Song Liang, a senior analyst in the dairy industry, said, “In recent years, companies have faced relatively heavy operating pressure. For some listed companies, in order to maintain revenue growth, they may ‘increase’ revenue or ‘reduce’ costs in financial reporting. For example, accelerating depreciation of fixed assets can make net profit appear larger.”
Growth predicament
After Xinsheng Group became the controlling shareholder in 2021, Weiwei Co., Ltd., as a leading listed company in plant-based beverage products, proposed a strategy of “ecological agriculture, large food supply, and large food products,” attempting to use a ‘dual-engine drive’: while expanding liquid soy milk, it also sought to develop grain acquisition, warehousing, processing, trading, and healthy food production.

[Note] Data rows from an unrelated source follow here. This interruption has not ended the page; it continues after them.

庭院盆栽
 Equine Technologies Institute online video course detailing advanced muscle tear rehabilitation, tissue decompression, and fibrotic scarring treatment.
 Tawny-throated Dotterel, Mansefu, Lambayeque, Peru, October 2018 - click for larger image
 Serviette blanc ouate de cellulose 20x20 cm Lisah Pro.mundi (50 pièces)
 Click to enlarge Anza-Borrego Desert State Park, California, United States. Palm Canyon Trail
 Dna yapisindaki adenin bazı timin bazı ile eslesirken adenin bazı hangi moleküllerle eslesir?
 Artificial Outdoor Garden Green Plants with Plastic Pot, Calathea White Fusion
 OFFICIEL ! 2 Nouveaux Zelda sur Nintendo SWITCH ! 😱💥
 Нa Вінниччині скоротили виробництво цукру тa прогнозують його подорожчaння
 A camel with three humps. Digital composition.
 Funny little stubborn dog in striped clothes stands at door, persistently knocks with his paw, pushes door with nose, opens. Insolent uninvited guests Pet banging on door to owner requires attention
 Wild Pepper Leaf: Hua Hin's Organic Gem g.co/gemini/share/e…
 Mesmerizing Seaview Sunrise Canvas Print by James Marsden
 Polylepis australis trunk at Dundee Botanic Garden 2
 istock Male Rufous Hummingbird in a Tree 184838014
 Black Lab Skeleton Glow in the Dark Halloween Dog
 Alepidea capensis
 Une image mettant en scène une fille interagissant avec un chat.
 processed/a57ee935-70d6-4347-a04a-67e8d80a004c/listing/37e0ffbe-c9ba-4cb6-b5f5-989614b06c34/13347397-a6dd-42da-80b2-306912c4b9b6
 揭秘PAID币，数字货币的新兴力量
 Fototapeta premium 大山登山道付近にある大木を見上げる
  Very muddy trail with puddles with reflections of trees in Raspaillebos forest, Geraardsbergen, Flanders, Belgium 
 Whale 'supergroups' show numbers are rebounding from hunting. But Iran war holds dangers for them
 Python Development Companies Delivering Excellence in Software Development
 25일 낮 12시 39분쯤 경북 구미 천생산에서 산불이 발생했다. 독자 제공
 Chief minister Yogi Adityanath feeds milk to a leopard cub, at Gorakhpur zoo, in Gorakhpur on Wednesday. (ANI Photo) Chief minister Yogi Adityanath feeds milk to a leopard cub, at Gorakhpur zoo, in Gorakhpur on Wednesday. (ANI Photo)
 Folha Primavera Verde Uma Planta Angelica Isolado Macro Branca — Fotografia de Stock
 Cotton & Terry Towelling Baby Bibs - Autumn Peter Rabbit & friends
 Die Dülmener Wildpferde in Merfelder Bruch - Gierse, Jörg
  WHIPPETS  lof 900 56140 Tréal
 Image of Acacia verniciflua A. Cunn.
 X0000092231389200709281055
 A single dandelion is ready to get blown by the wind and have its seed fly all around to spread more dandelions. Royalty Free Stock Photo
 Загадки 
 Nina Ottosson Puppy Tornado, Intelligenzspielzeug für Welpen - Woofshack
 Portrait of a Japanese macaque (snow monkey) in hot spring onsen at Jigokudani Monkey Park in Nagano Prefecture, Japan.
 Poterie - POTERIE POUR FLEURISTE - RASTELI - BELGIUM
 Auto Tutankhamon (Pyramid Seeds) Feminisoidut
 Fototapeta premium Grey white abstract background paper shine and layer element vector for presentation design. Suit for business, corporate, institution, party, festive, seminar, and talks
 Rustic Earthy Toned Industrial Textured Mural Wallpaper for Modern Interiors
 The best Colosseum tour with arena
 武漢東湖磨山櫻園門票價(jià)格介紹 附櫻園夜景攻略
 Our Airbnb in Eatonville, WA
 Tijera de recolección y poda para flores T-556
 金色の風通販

According to the official website of Weiwei Co., Ltd., it has cooperated successively with large grain enterprises in China and abroad. In the Huaihai economic region, the main wheat-producing area; in Yunan, the main small peanut-producing area; in Heilongjiang Suining, the main non-GMO soybean-producing area; and in Jiamusi, a high-quality rice-producing area, it established modern grain logistics parks to form a modern comprehensive grain industrial park integrating collection, storage, processing, and trading. In 2019, the Weiwei Grain Logistics Industrial Park located in Xuzhou was approved as a provincial-level grain logistics park in Jiangsu Province.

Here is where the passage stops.